If you struggle with answering questions like _"Can you please tell me a bit about yourself?" or "Please tell me about some of your strengths and weaknesses"
_
Worry no more!
Google has introduced a machine-learning powered tool that enables people to undertake mock job interview questions, with a view to improving their interview performance for the real life application process.
As you answer each question, your responses are transcribed in real time, so you can go back and review how you went.
I believe it's a great way to practice for the most commonly asked interview questions.
Other than the general category, customized interview questions for E-Commerce, IT Support, Project Management, UX Design and Data Analytics are also available.
I encourage all job aspirants to try it out.
Top comments (12)
Google #fail - this is pathetic
Not pathetic. Maybe something wrong with your browser.
If 'something wrong' means that it's Firefox - then this really is very poor work from Google. I've tried it on Firefox on three different OS - doesn't work. Making a website that doesn't work on all modern browsers is pretty much inexcusable.
They could well support just Chrome and give a shit about the rest. Supporting Safari (the shittiest of modern browsers, the new IE) has probably been a great job, justified by the ~18% market share.
Maybe supporting a browser that has a worldwide usage around 3% like Firefox simply doesn't worth the time and I agree on that. It itches you because you're a FF user (extrapolated from the comments) but then there's Edge (with a bit more usage than FF btw), Opera, Samsung Internet, UC and many more.
I still think that if we Devs pick the browser with better support to new features (Chrome) and ignore the rest, the industry itself will be forcing lazy ass vendors either to upgrade their browsers or letting them die.
Because if we ignored the modern features back those days we would still create frontends like 10 years ago and the middle point where we live in is to add browser agent checks inside the code to see if something can be done or not (more work to everyone cause few didn't do theirs).
A browser monoculture is a ridiculously bad idea
But all of them implementing features support on a reasonable time span would be a ridiculously good thing.
We are the clients of the browsers, doesn't almost the entire world -except for monopolies and oligarchies- work hard everyday yo stay up to date with new features by market pressure so we can keep current clients and maybe get more by innovation?
Well, seems that someone didn't do that kind of homework in some browsers.
Firefox Desktop doesn't even support PWAs, neither Safari (any version) brings a good support into it, that's hilarious in 2022.
Sadly some got advantage by being the default browser in some OS and then we need to deal with Safari instead ignoring it like we do with Firefox 🙃
The most ridiculous thing is that if I swap the
user-agent
to Chrome - it works 100%, no problems whatsoever.

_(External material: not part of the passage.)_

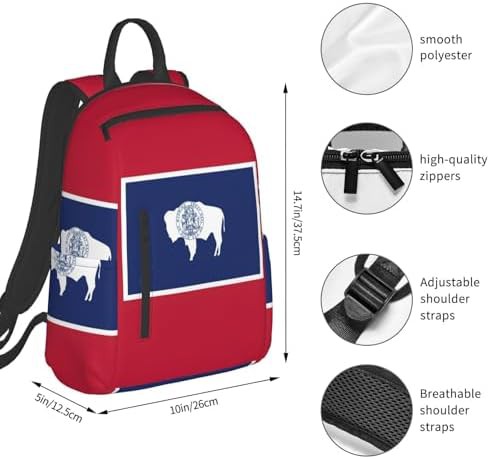 Wyoming state flag hiking backpack — photo 4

Shoddy work, or deliberate exclusion?LoL never tried it 😂 you mean in FF or Safari? And you tested the PWA thingy or that new Google webapp?
I was referring to the Google interview thing the article is about.
I really have no idea why Firefox stopped work on PWAs for desktop (they support them on mobile) - for years it was possible behind a commandline switch (which has now been removed). It's totally capable of doing it - there are various workarounds/addons in place to do something close to it if you are so inclined... but looking at the actual issues in the bug tracker about PWA support it still seems very much on the back burner for now. Odd decision
Hello Areeba Farooq,
thanks for sharing, although I don't like the word "best" and wouldn't use it as a technically objective category unless there are some facts that can tell why it's the "best"!
They'll do anything but actually improve the recruitment process.